George est le plus proche de Clay dans la famille, et c’est à travers leurs discussions que les téléspectateurs découvrent à quel point l’homme âgé a vécu un mariage aimant et heureux dans les années qui ont précédé la mort de sa femme.

« C’est tellement subtil quand l’affection se produit », a déclaré Henriksen à propos de la relation entre grand-père et petit-fils.

Alors que le film montre Dave, Sarah et Clay faisant tout ce qu’ils peuvent pour rester en vie, George ne semble pas avoir le même combat en lui.

« Vous êtes résilient aux choses qui sont soit controversées, soit dangereuses ou quoi que ce soit, et vous sentez que cela commence à décliner », a déclaré Henriksen.

« Je ne l’ai pas maintenant, mais je l’ai eu dans des situations où j’ai escaladé une montagne ou fait du camping sans réaliser dans quoi je m’embarquais », a-t-il ajouté. « Si votre voiture tombe en panne, êtes-vous prêt ? La vie est ainsi. Nous ne sommes pas censés vivre éternellement. »

Cela dit, Henriksen n’a pas l’intention de prendre sa retraite.

« Je pourrais me lancer dans la pêche aux requins ou dans le surf parce que j’aime l’océan », a plaisanté Henriksen.

« Chaque film que je fais devient une toute nouvelle expérience. Je ne veux pas jouer le même gars encore et encore. J’investis dans un domaine qui m’intrigue vraiment. histoire. C’est ma nature. »

Pour sa performance dans le film d’horreur culte de 1988, Pumpkinhead, Henriksen s’est tourné vers sa vraie grand-mère, qui, selon lui, vivait toute l’année dans un tipi, malgré les températures glaciales du nord de la Norvège.

« C’était une femme courageuse, brillante et belle », a déclaré Henriksen.

Nous avons eu très peu de temps pour nous assurer que cela était bien compris.

« Tout cela tourne autour de la vengeance et de l’autodestruction. J’ai pensé ajouter cela pour vous montrer que ma source est toujours quelque chose de personnel. »

Cependant, toutes les idées qu’Henriksen considère comme de grandes idées n’ont pas été portées à l’écran.

« Quand j’ai réalisé Close Encounters, je me souviens m’être approché de notre réalisateur et lui avoir dit : ‘Écoutez, je veux attraper un de ces petits êtres et je vais me précipiter dans un port-a-pot et je le tiendrai pendant que la mère le navire part' », se souvient Henriksen.

« Il m’a regardé comme si je venais d’empoisonner son café », a déclaré l’acteur à propos de Steven Spielberg, qui a réalisé le classique extraterrestre de 1977.

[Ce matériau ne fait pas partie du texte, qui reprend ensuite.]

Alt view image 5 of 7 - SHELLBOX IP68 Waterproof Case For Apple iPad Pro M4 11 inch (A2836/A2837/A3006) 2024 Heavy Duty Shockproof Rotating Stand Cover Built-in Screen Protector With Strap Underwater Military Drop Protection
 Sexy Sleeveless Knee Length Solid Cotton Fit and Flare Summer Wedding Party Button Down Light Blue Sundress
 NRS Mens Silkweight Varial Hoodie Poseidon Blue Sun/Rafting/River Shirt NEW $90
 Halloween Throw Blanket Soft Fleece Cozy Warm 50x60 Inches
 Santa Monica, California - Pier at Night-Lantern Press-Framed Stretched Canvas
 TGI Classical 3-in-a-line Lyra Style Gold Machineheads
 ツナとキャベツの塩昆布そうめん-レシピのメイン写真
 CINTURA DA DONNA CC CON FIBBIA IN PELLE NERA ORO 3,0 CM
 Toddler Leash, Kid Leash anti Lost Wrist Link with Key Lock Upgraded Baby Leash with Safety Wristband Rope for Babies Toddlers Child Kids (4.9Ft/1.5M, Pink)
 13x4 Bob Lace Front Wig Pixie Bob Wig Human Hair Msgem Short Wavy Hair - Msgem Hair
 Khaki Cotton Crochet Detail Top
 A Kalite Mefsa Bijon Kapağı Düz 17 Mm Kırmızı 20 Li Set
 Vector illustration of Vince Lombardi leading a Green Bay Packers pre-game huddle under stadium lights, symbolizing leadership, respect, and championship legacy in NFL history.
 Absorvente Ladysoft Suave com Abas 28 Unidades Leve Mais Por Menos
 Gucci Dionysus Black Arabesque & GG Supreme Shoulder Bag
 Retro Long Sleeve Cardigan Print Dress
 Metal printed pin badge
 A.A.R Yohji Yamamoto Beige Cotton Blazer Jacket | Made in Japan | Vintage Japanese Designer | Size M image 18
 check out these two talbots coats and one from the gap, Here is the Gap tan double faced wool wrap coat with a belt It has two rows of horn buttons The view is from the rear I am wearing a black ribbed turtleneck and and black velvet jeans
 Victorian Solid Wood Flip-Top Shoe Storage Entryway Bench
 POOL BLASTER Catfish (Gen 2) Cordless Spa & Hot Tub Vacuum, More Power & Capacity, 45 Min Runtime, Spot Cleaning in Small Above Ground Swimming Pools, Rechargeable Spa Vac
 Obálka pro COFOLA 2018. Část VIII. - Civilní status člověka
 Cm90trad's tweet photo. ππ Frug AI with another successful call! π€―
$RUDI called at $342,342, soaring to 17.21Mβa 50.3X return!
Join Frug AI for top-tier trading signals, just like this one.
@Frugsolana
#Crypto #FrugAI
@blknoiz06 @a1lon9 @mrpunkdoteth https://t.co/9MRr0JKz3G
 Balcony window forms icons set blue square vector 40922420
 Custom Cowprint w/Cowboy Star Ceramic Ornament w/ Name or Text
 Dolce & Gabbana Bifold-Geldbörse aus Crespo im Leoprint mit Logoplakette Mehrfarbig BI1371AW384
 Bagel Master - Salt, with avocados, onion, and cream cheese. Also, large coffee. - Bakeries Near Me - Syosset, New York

« Il a dit : ‘Lance, c’est un autre film.’ Je suis parti. Mes sentiments n’ont pas été blessés. Mais j’ai commencé à assumer cette fonction — dès le début de ma carrière — selon laquelle je dirais à n’importe qui tout ce que je pensais. Je n’ai pas peur des gens. J’aime les gens. «

Les autres crédits d’Henriksen incluent Dog Day Afternoon, The Terminator, Tarzan, Millennium, The Blacklist et Rabbit Hole.

Journaliste spécialisé dans l’actualité, je combine dix ans d’expérience en rédaction avec une curiosité constante pour la société et l’innovation. Marié et passionné de randonnée, j’aime partager une information claire, fiable et accessible à tous.